Я пишу свой текст не „на фоне Пушкина“, а «на фоне Софийки» — вспоминая портрет шестилетней девочки убитой российской ракетой недавно в Чернигове.
Давайте вместе, глядя фотографию улыбающейся Софийки, глядя на фотографии раненых, искалеченных детей, послушаем речи о русофобии, о неуважении к великому русскому языку Достоевского, Толстого… Быть может нам напомнят: „Счастье всего мира не стоит одной слезы на щеке невинного ребёнка“? Прекрасные слова! Впрочем, в жизни Федор Михайлович был империц, мечтавший о расширении территорий, ксенофоб и антисемит, каких мало. Ну, а Толстой? Боюсь, что любителям слова «русофобия» с Львом Николаевичем не повезло. Откроем роман „Анна Каренина“ на том месте, где решилась судьба Кити и Левина. На том же вечере несколько господ решают вопрос «обрусения» Польши. Все они принадлежат к „сливкам“ общества, что не мешает им придерживаться противоположных взглядов. Но ни у кого из этих господ не возникает вопрос о моральной стороне дела – о законности политики „обрусения“ другого народа. Говорят они свободно, порой отпуская шутки… Любопытно, что Облонский и Песцов представляют либералов того времени. „Какой удар от классика!“
У гения случайного не бывает. Толстой подтвердит это в „Хаджи-Мурате“, когда будет говорить о вине России в польском „вопросе“. А еще он напишет (как если бы смотрел в сегодняшний день!): „И… побредут оторванные от мирного труда… сотни тысяч людей с орудиями убийства в руках туда, куда их погонят. … и, наконец, придут к тому месту, где их начнут убивать тысячами, и они будут убивать тысячами, сами на зная зачем людей, которых они никогда не видали, которые им ничего не сделали и не могут сделать дурного.“ (Лев Толстой, „Христианство и патриотизм“).

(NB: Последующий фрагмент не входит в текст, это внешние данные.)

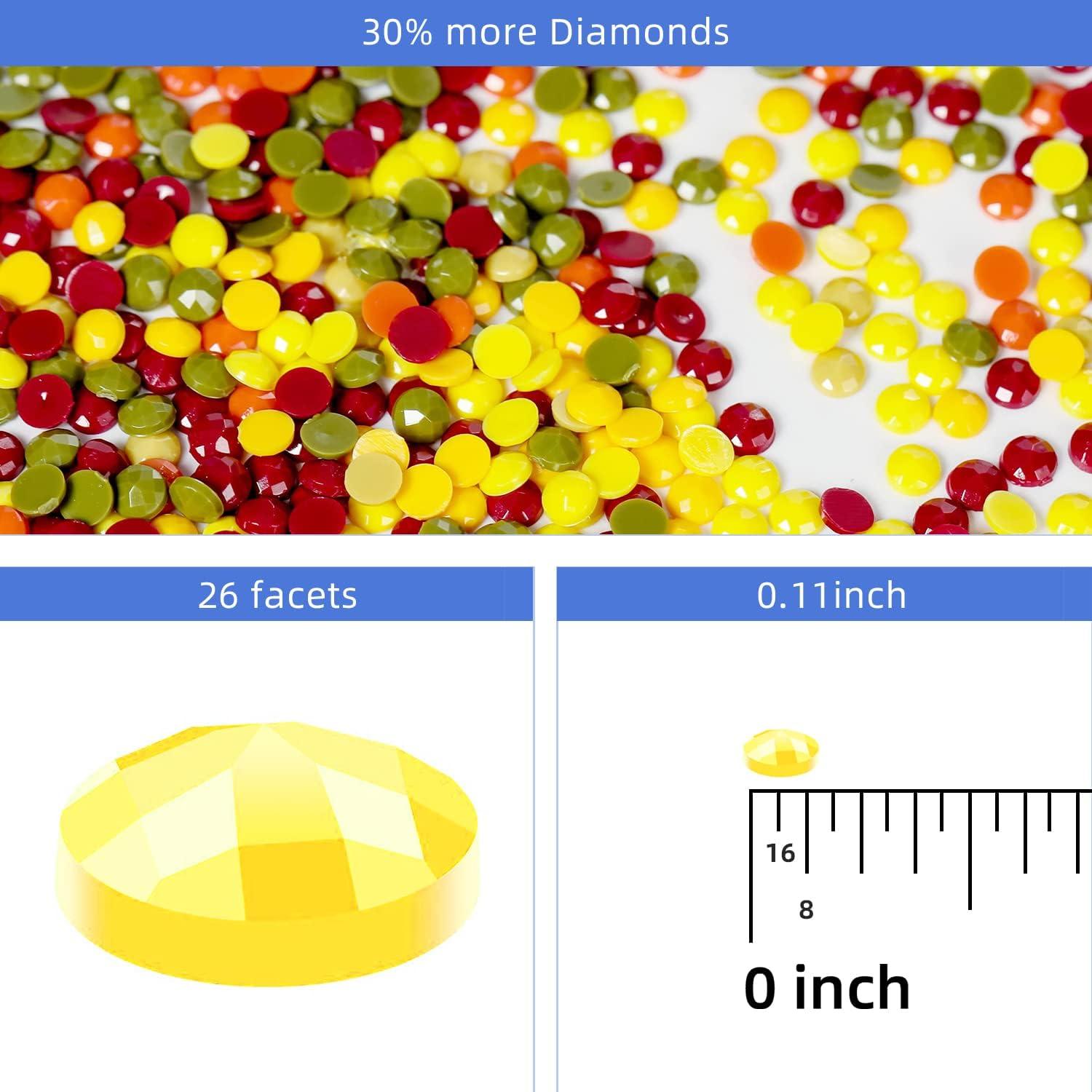 Kit de Pintura de Diamantes DKHDBD 30x40 cm Mariposa Amarilla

Наталья Дидова, потерявшая в Мариуполе своего мужа (русского убитого русскими!) говорит теперь только на украинском языке. Рассказывая журналистам об ужасах происходивших в городе, она сказала, что больше не хочет говорить на языке врага. Думаю, с болью, но Толстой понял бы ее, как понял бы и других людей Украины (нередко этнических русских) нежелающих больше говорить на языке современного фашизма, фашизма, в котором нашли свое продолжение старинные разговоры об «обрусении».